**HOW TO COMPLETE THIS TASK:** Print the lines below from the line with "Girls size M 10/12 shirt" to the line with "City Express By" exactly, keeping both ends, and print no pictures.

**Web page caption snippets:**

╔══

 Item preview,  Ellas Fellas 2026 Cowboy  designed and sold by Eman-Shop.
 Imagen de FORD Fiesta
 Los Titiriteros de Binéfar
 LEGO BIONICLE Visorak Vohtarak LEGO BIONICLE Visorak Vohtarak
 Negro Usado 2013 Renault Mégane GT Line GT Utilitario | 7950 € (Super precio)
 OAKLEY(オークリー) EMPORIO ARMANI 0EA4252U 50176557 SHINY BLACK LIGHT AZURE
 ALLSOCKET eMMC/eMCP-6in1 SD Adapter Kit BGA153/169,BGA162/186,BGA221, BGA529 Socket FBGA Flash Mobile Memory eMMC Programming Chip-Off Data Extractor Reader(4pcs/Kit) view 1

╚══
╔══

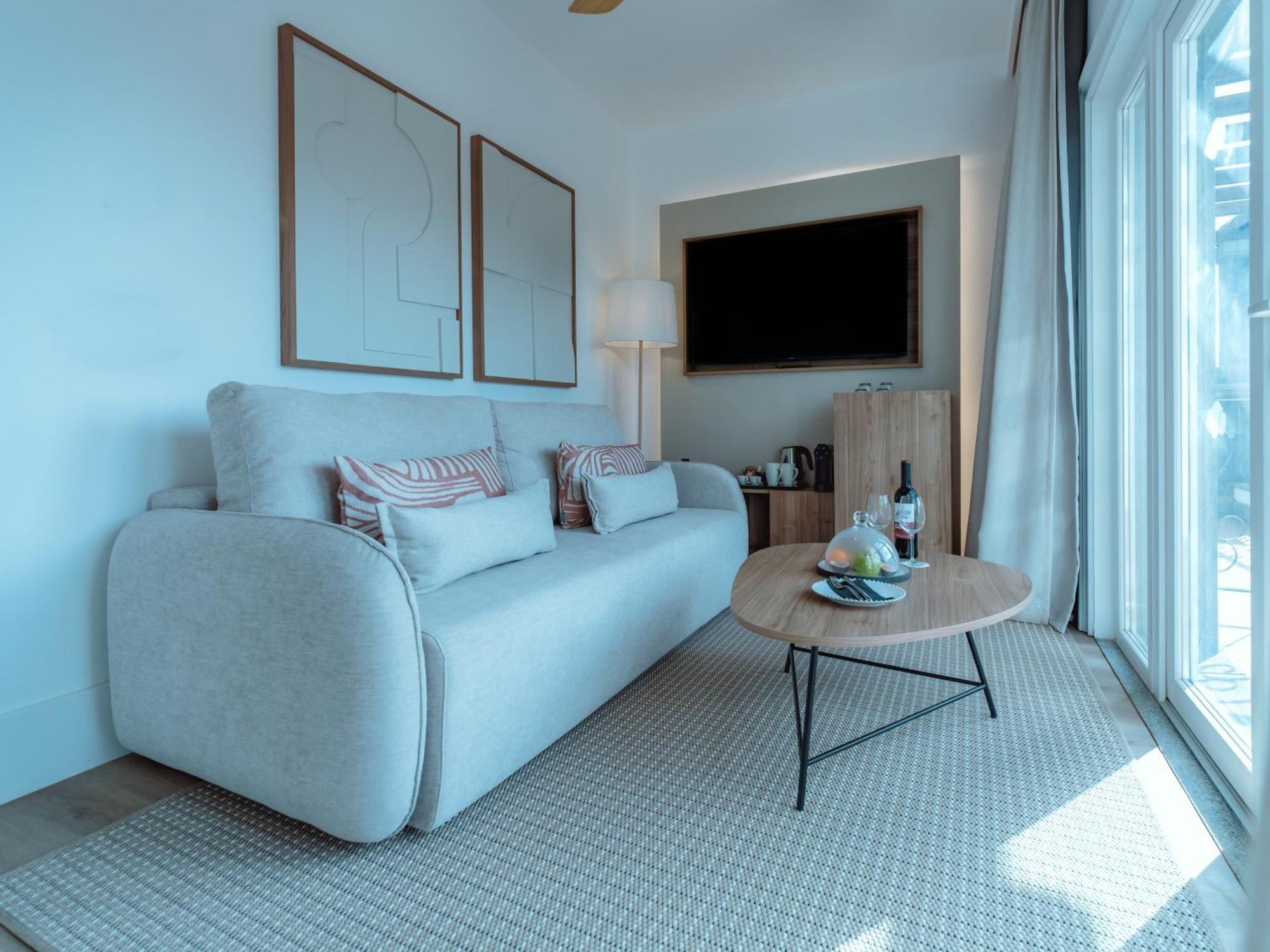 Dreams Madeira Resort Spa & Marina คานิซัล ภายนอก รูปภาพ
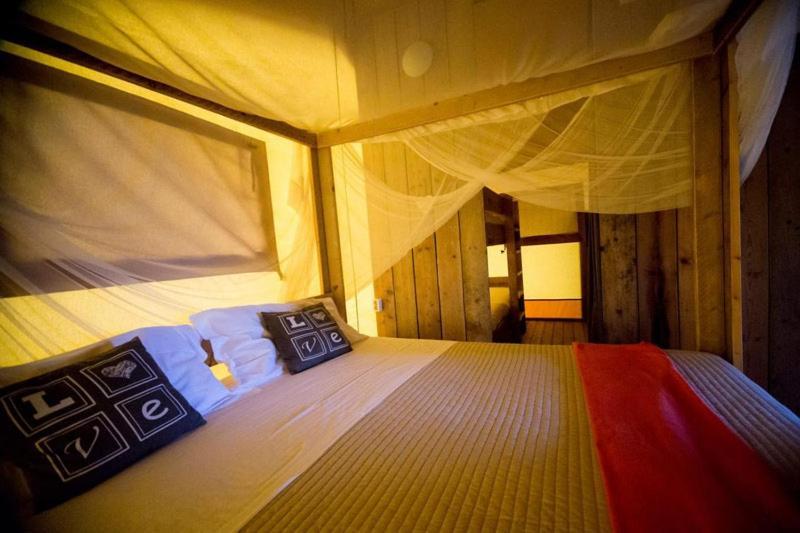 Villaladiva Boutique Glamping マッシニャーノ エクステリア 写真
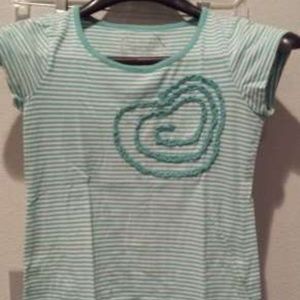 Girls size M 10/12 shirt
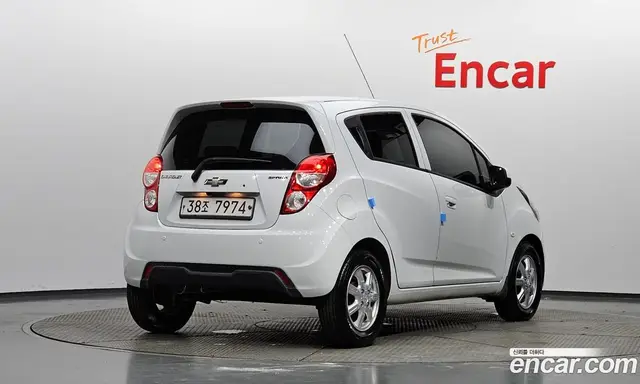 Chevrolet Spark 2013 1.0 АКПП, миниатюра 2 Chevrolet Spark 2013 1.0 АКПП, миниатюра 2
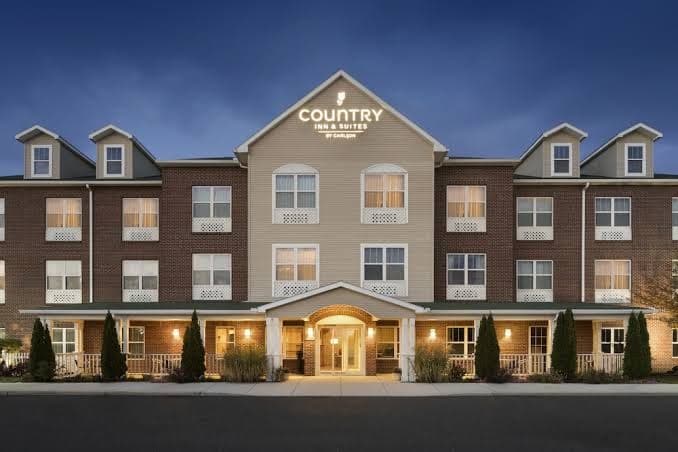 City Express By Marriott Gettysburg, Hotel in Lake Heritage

╚══

**COMPLETED EXERCISE:**
 Girls size M 10/12 shirt
 Chevrolet Spark 2013 1.0 АКПП, миниатюра 2 Chevrolet Spark 2013 1.0 АКПП, миниатюра 2
 City Express By Marriott Gettysburg, Hotel in Lake Heritage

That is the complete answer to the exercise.